_Brief_:
When a picture appears among the records, leave it out, and copy all else exactly.

Short text fragments from websites:
===============

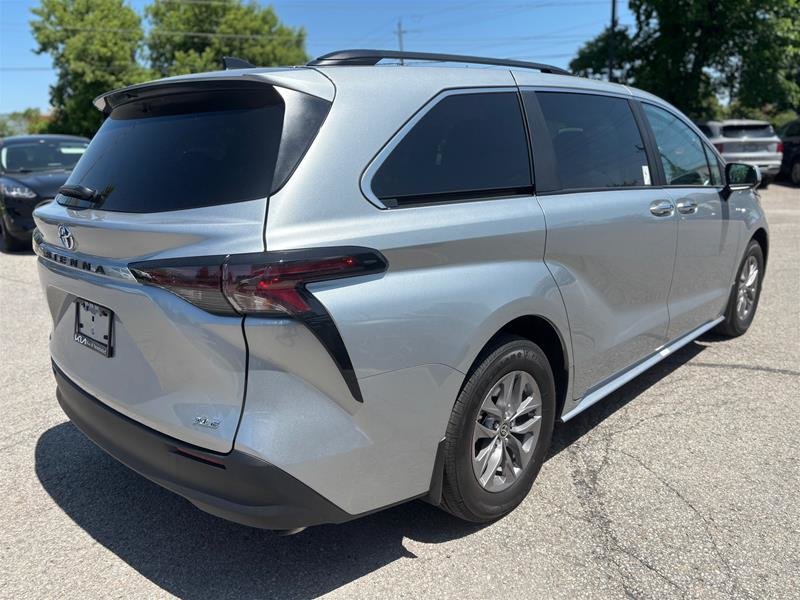 2025 Toyota Sienna Hybrid Sienna XLE 8-Pass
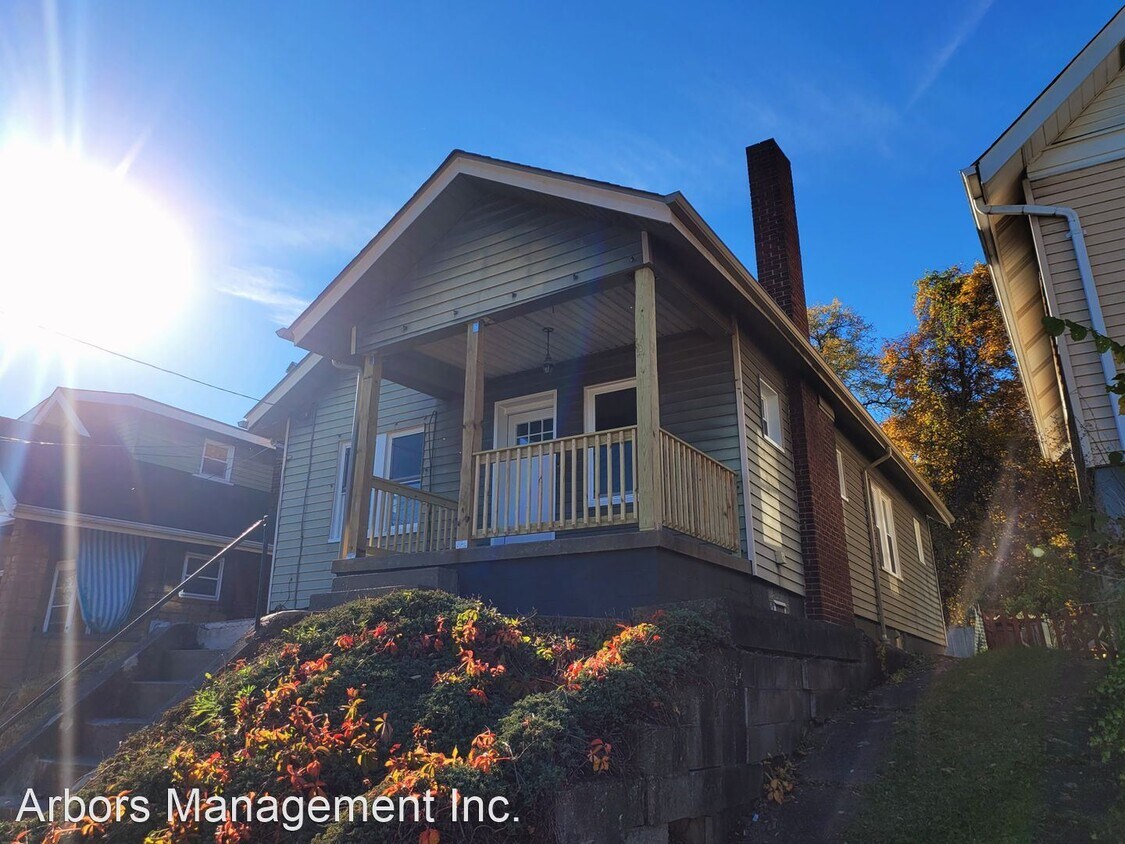 2 br, 1 bath House 3721 Millerton House Rental in Pittsburgh, PA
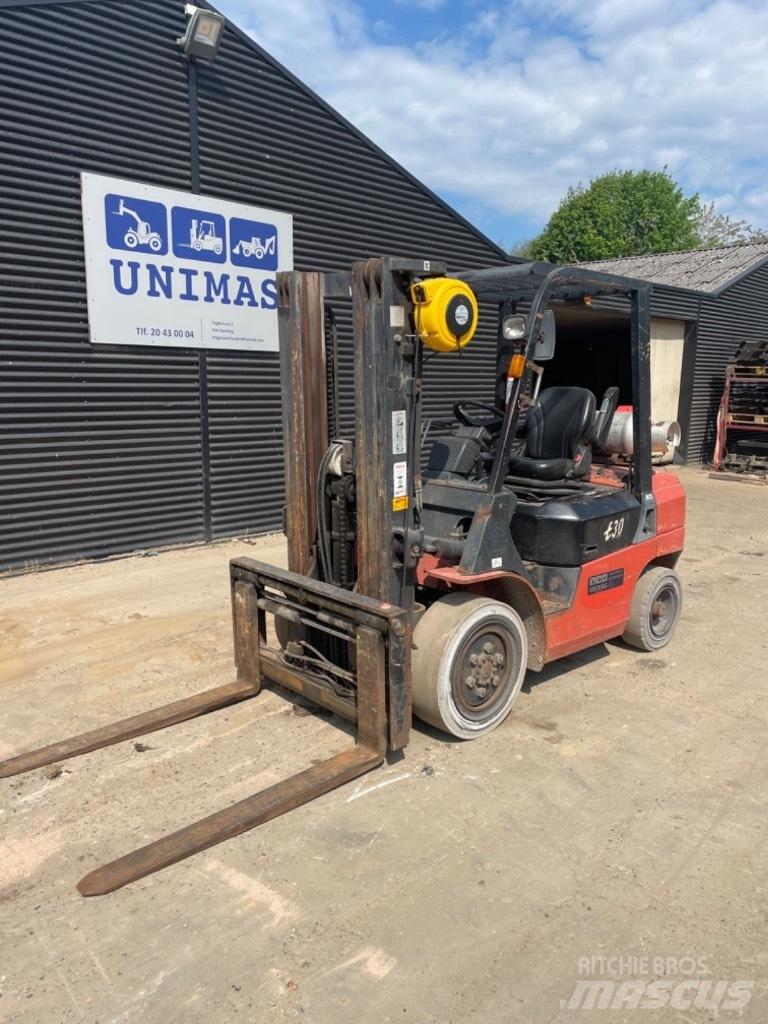 EP FG 25 LPG trucks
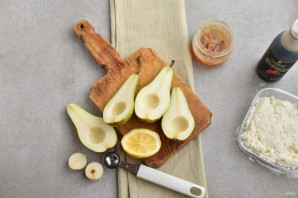 Салат с грушей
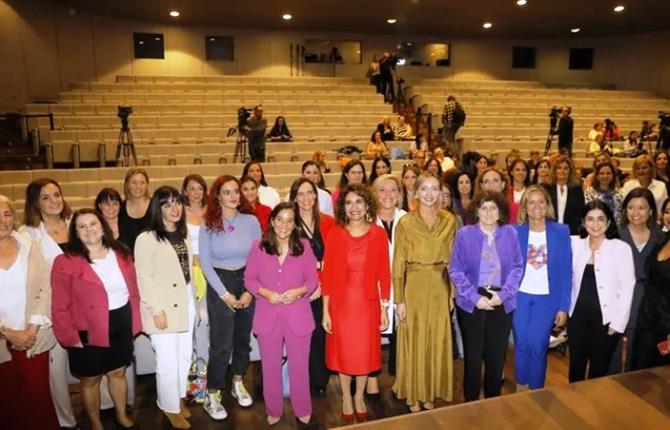https://www.graduadossociales.org/getFile.aspx?id=f37bc38a98b04a39801e5bb99e48083d.jpg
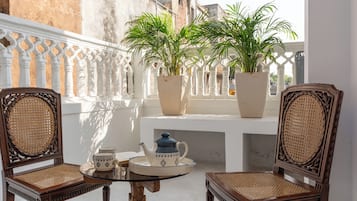 Luxury-Villa, Balkon, Blick auf den Innenhof | Speisen im Freien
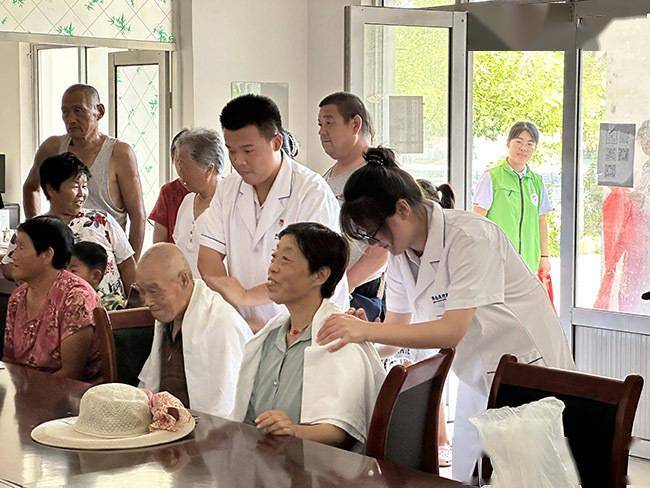 奔赴山东省滨州市惠民县淄角镇政府,与淄角镇团委书记李冲进行座谈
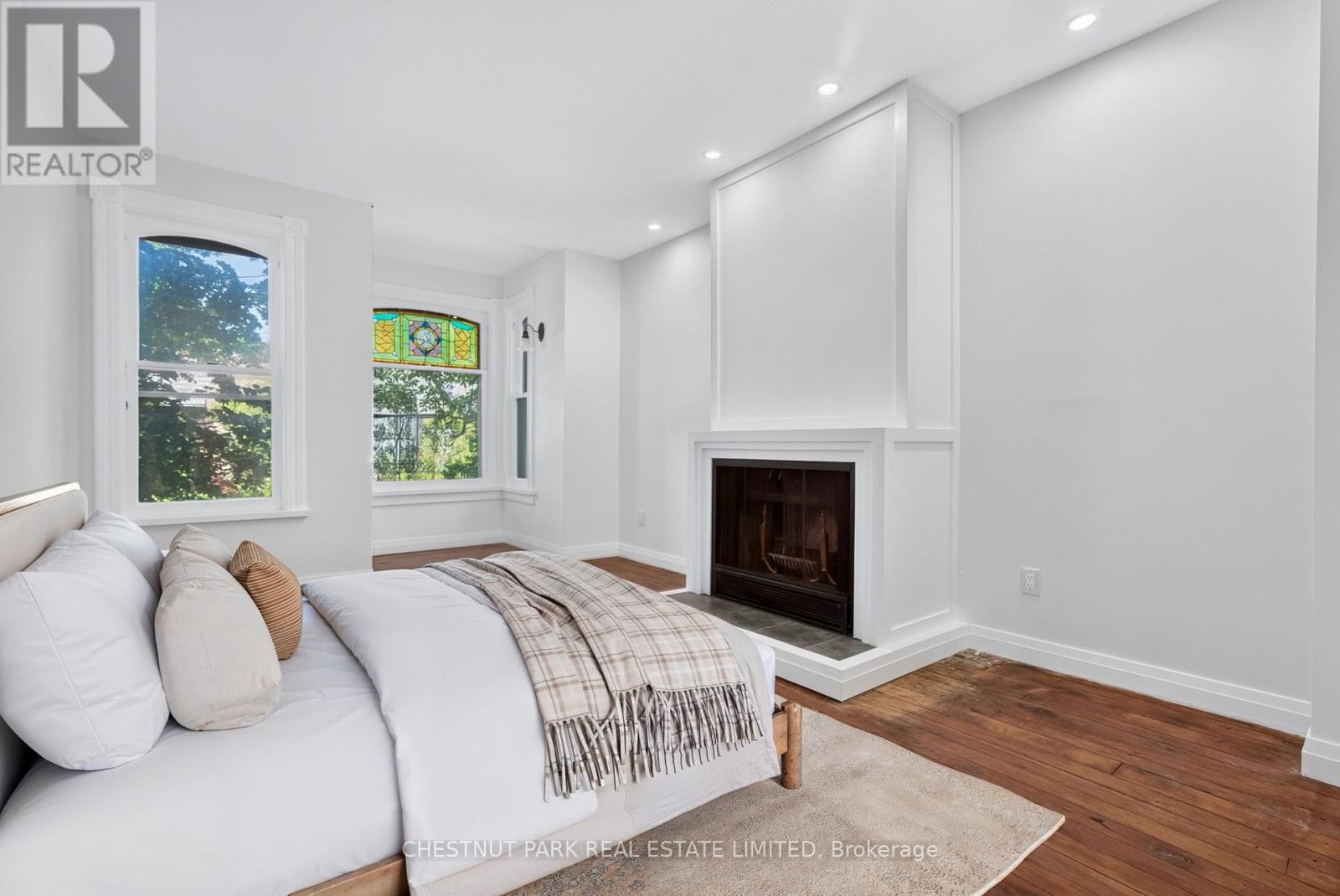 347 1/2 WELLESLEY STREET E - Image 16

===============

_Answer space_:
 2025 Toyota Sienna Hybrid Sienna XLE 8-Pass
 2 br, 1 bath House 3721 Millerton House Rental in Pittsburgh, PA
 EP FG 25 LPG trucks
 Салат с грушей
https://www.graduadossociales.org/getFile.aspx?id=f37bc38a98b04a39801e5bb99e48083d.jpg
 Luxury-Villa, Balkon, Blick auf den Innenhof | Speisen im Freien
 奔赴山东省滨州市惠民县淄角镇政府,与淄角镇团委书记李冲进行座谈
 347 1/2 WELLESLEY STREET E - Image 16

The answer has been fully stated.